The small memorabilia-filled shop is tucked away in the heart of Crestview’s Main Street, where it has sat for more than 100 years — 60 of those with Mack at the helm.

He bought the shop in 1959 after completing barber school in Tallahassee. It was previously Keel’s Barbershop, which opened in 1917.

Although it’s changed hands, the barbershop remains one of the city’s oldest businesses. And it’s seen some prominent figures in its time, including then-congressman and regular customer Bob Sikes.

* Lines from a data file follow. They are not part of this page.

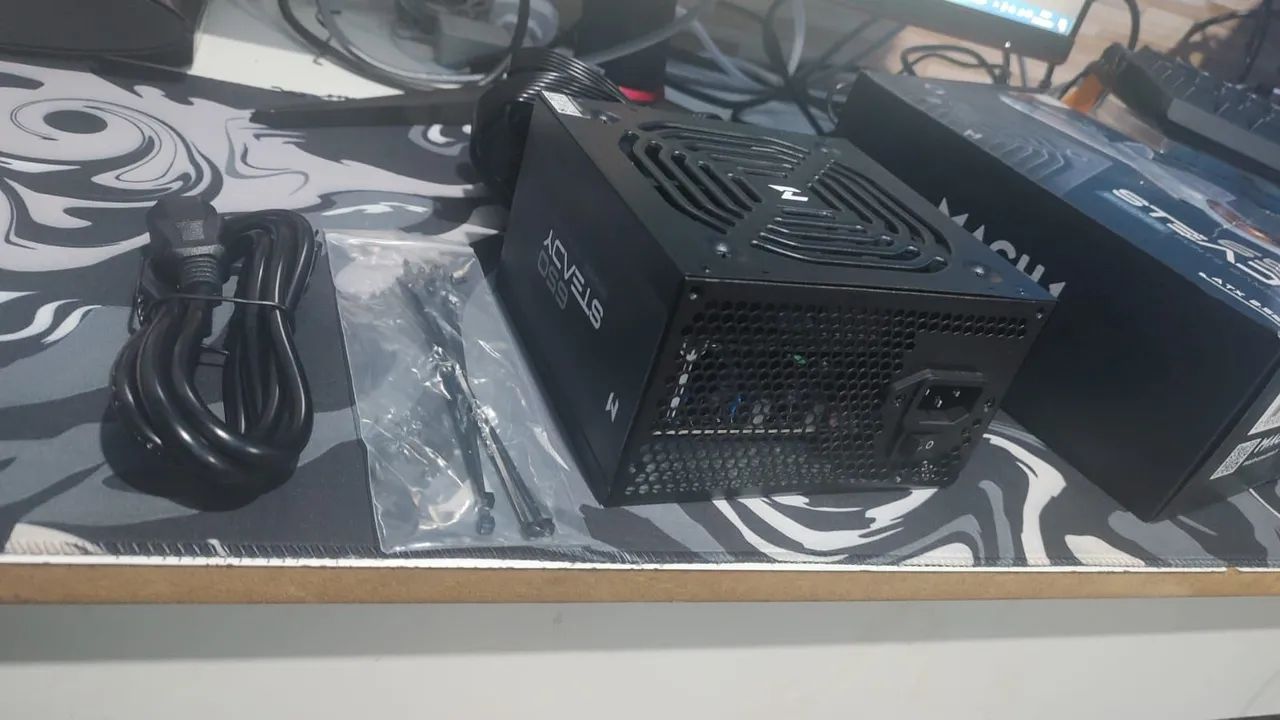 Fonte 650w 80 plus bronze Mach 1 Steady nova, selo teclab - Foto 4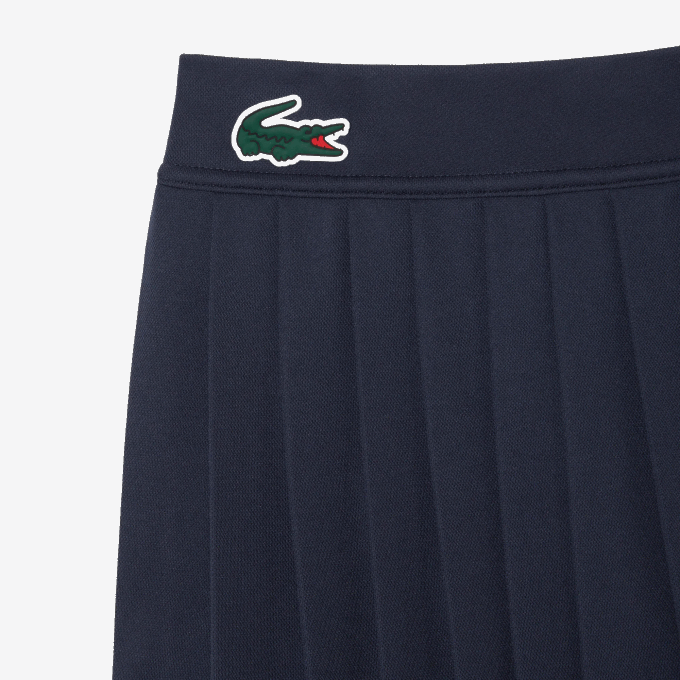 Women Lacoste V0ZN2423 Blue Orange T5I Sport Miami Open Edition Skirt - Image 5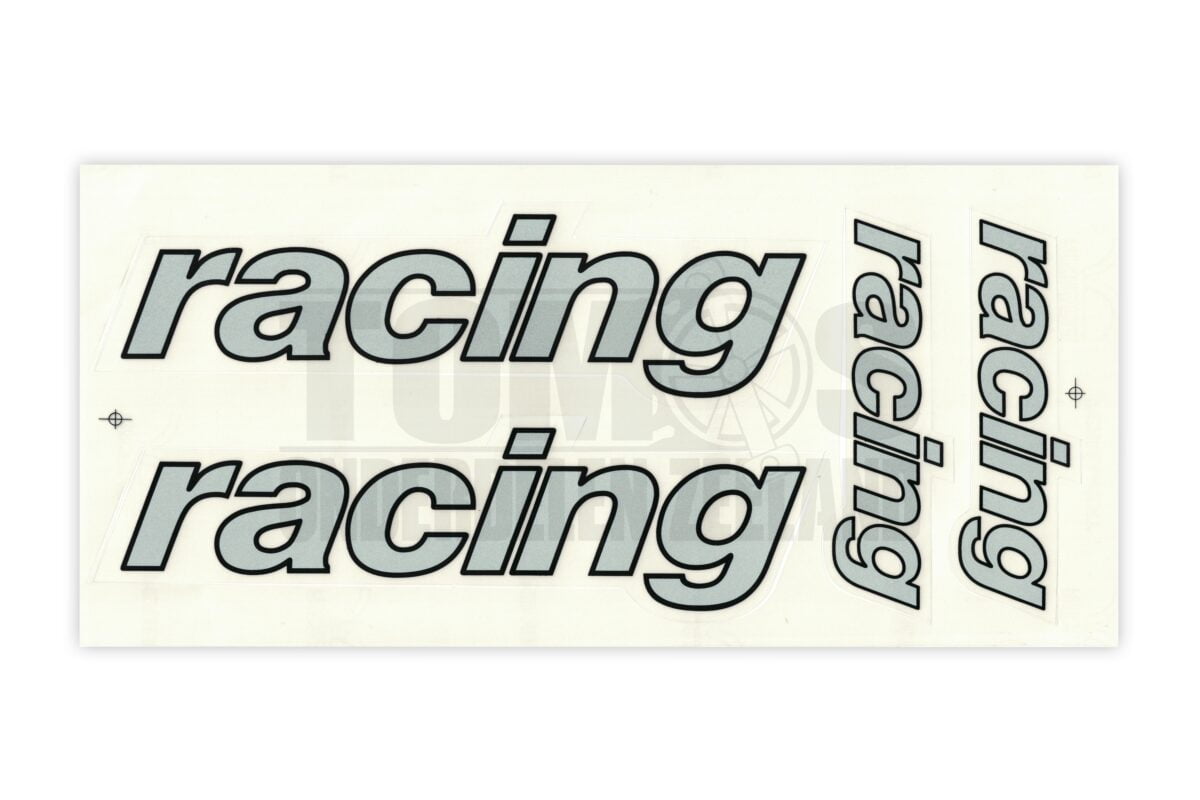 Stickerset Racing 4-delig universeel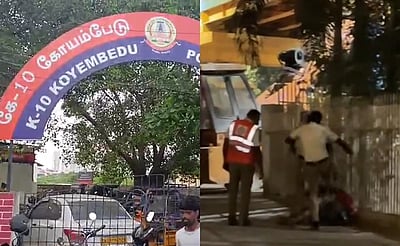 சென்னை: வாகன ஓட்டியை உதைத்த காவலர்கள் பணியிடை நீக்கம்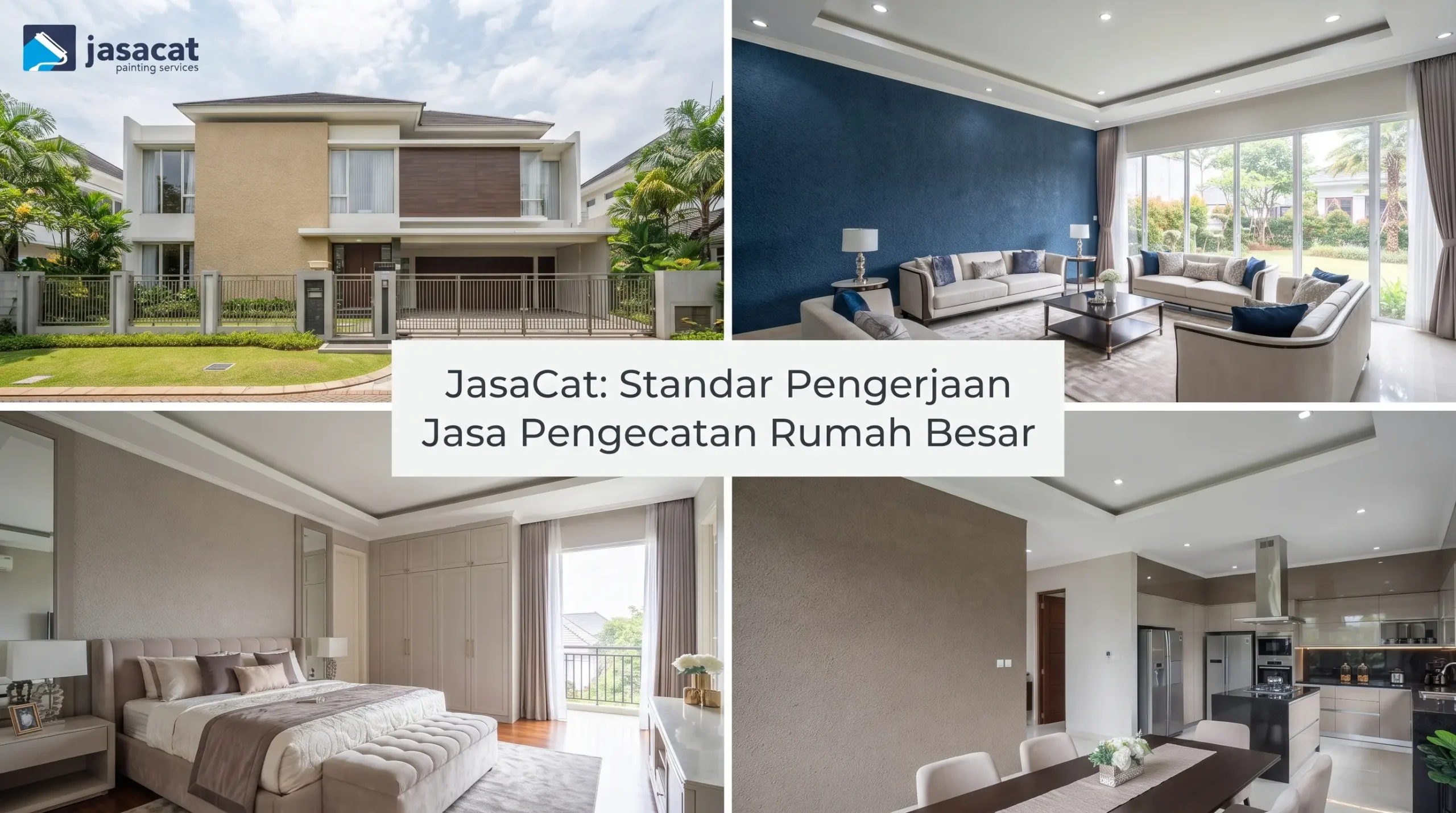 JasaCat: Standar Pengerjaan Jasa Pengecatan Rumah Besar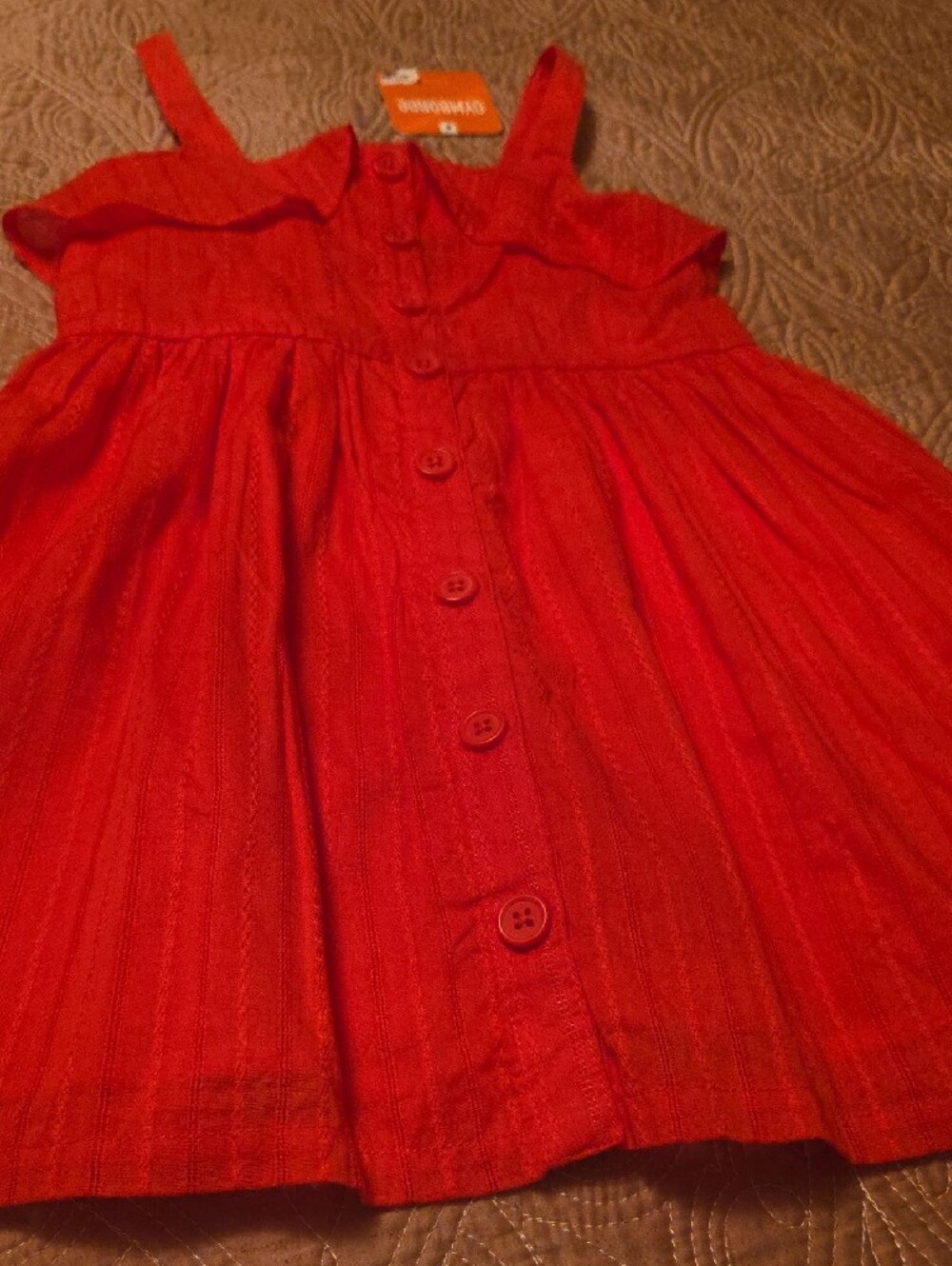 Gymboree Bright Red Button-Front Sundress - Picture 7 of 7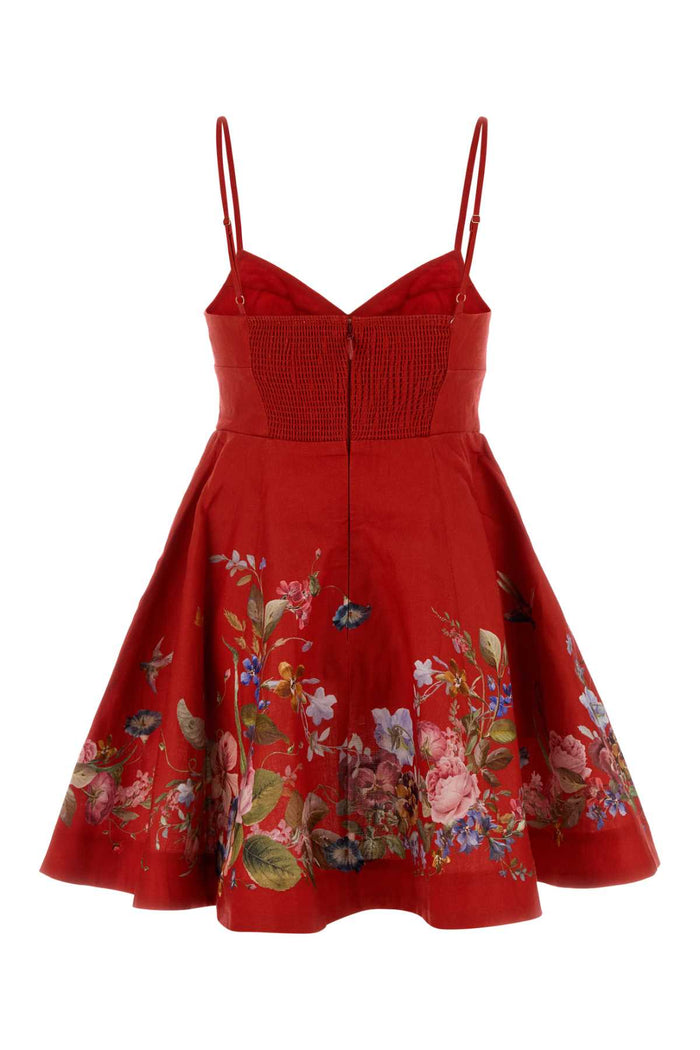Redfloral Linen Abiti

Mack said he’s even cut the hair of country music star Johnny Cash.

The pride Mack has for his home seeps from his soul as he shares memories and offers advice to future generations.

“Whenever your buddies die off and new people come in, they don’t care about history,” Mack said. “It hasn’t been learned, and that’s what’s going to cost you a lot of trouble. … It’s not just about education; you’ve got to have common sense.”

Mack remembers a time when Okaloosa County was an agriculture hub. Now, he says he’s worried that this knowledge and appreciation for nature hasn’t transferred to the younger generation.

But as long as people visit his barbershop, he will continue to share his knowledge with those who are willing to listen.

And if they are lucky, visitors may leave with one of his many pearls of wisdom.

“Because a fella talks big and thinks he knows everything, he don’t,” Mack said. “I was born in 1930, and let me tell you, those old folks weren’t educated, but they knew how to make a living.

"I’m a tough fella, and do you know why? You had to take care of yourself.”